Mohawk Language Preservation
Since 2020, the Paré Foundation supports a Mohawk language program at Kanehsatà:ke, Quebec. The multi-year adult immersion program is offered by the Mohawk Language Custodian Association of Kanehsatà:ke and is designed to ensure the ancestral language survives and flourishes.
Four students graduated at the end of the last session out of a group of six. Interest in the program is growing because the graduates are speaking Mohawk (Kanien’kéha) in public, and on the local radio station. That has inspired and motivated others: this year there were twenty-five new applicants, and twenty have been accepted.

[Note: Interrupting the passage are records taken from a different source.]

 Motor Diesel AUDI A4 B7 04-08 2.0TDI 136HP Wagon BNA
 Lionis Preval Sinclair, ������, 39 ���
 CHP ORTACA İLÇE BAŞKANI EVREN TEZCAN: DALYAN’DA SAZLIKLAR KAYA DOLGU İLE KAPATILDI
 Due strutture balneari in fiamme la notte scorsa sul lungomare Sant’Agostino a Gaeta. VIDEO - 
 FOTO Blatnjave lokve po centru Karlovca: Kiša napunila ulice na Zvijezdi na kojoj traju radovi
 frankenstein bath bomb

Most of the adult students have no income stream or financial support to cover living expenses during their training. While federal funding from Heritage Canada pays for the courses, the Paré Foundation contribution is used to help with the living costs of students who fall short, and it is shared at the discretion of their board. This support motivates the students, who also do local fundraising to cover their expenses, often having given up regular work to meet the demands of the program.
The Mohawk Language Custodian Association has also managed to get help from McGill University, which provides access to a teacher training program; fifteen of the twenty new students are participating in both programs. This will help students acquire teaching skills. They will be able to eventually replace the dedicated Elders who have been carrying the project and who are currently teachers at Kanehsatà:ke Elementary and High School.

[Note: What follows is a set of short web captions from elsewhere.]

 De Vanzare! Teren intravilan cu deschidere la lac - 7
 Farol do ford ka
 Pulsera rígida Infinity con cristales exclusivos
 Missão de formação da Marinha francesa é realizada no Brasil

Centre Amitié, Ressources, et Entraide pour la Jeunesse (C.A.R.E. Jeunesse) is a Quebec, bilingual, non-profit organization dedicated to providing a community and a voice for youth leaving government care. Founded by alumni of care who have experienced the system first hand, the organization aims to assist youth after they leave care. The Paré Foundation is offering scholarships to two students who need support to continue their education:
Shanice is a student at University du Québec en Abitibi-Témiscamingue, studying Health Sciences. She hopes to become a nurse practitioner and would like to eventually work in Northern Quebec.
Elijah is a student at Concordia University in Montreal, doing a certificate of Arts and Sciences and taking additional courses with the School of Community and Public Affairs.